Two recent cases illustrate the flexibility that the English law of contractual interpretation still gives the English courts to resolve cases where a policy term cannot sensibly be given its literal meaning. In R&S Pilling t/a Phoenix Engineering v. UK Insurance Ltd, the Supreme Court was prepared to read an entire additional phrase into the coverage clause in a motor vehicle insurance policy so that it met the compulsory requirements of the Road Traffic Act 1988. The Supreme Court restated the principle in Chartbrook Ltd v. Persimmon Homes Ltd that a court may construe a different meaning to a commercial contract where it is clear that the parties could not reasonably have intended the meaning of the existing language. However, the Court reiterated that such a corrective construction will be a rare event and requires both the mistake and the intended meaning to be clear.

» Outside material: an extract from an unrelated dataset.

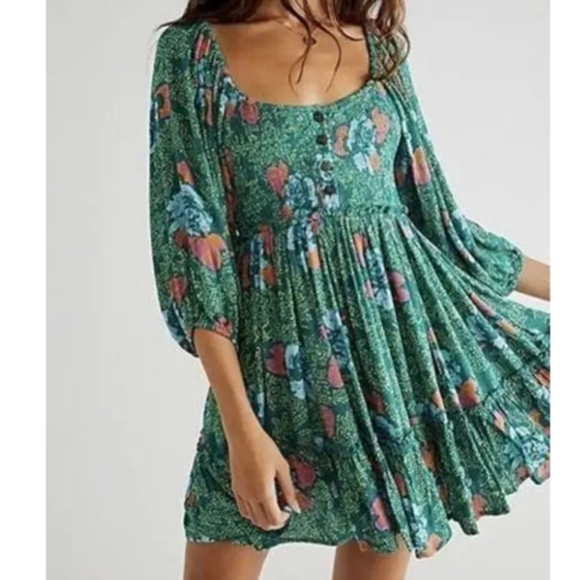 FREE PEOPLE green print open back flounce mini dress. XL - Picture 9 of 13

In Susan Plevin v. DAS Legal Expenses Insurance Company Limited and Miller Gardner Limited (in administration), in the context of an after-the-event legal expenses insurance policy, the High Court held that where standard-form policy terms and a policyholder-specific schedule contained contradictory terms, the more individualised term in the schedule should prevail over the standard-form policy wording. In doing so, the High Court considered that where policy terms are truly contradictory, rather than ambiguous, and contained in different policy documents, the contra proferentem principle of construction did not assist the Court in resolving the inconsistency. However, the Court acknowledged that where contradictory terms are contained in the same policy document, the principle may be applicable.
iii Notification of circumstances
In Euro Pools v. RSA, the Court of Appeal provided guidance on the approach to a claim where the court must determine under which policy a claim falls for cover following multiple notifications of circumstances. Euro Pools had two professional indemnity policies with RSA covering two consecutive years, and made notifications under both policy years in respect of certain faults with its installation of boom systems in swimming pools. Euro Pools subsequently claimed for the costs of mitigation works carried out on the boom systems under the later policy. RSA maintained that the mitigation works all fell for cover under the earlier policy, whose limits had been exhausted by other claims. In finding that the claims were notified to the first policy year, the Court summarised and synthesised the existing legal principles applicable to the determination of whether there has been a valid notification of a circumstance, and whether a particular claim is within the scope of that notification, as follows:
- provisions that deem claims to arise from notified circumstances are to be construed and applied with a view to their commercial purpose, namely to provide an extension of cover for all claims in the future that flow from the notified circumstance;
- a provision that refers to circumstances that ‘may’ give rise to claims sets a deliberately undemanding test, which only requires a possibility of claims in the future, not a likelihood;
- a notification need not be limited to particular events; insureds can give ‘can-of-worms’ or ‘hornet’s-nests’ notifications. The ambit of such notifications and the claims that are covered by them will depend on the particular facts and terms of the notification in each case;
- while an insured must be aware of the circumstance that it purports to notify, it does not have to know the cause of problem that has arisen, or the potential consequences thereof;
- for a claim to arise out of a properly notified circumstance, there must be some causal link between the notified circumstance and the claim, rather than a purely coincidental connection;
- in determining whether a particular communication is a notification, and its scope as such, the court applies conventional principles of interpretation; and
- whether a particular matter or event meets the threshold for notification as a circumstance in the relevant policy is not only a matter of the insured’s subjective knowledge, but also involves the objective estimation of the likelihood of a claim given that subjective knowledge.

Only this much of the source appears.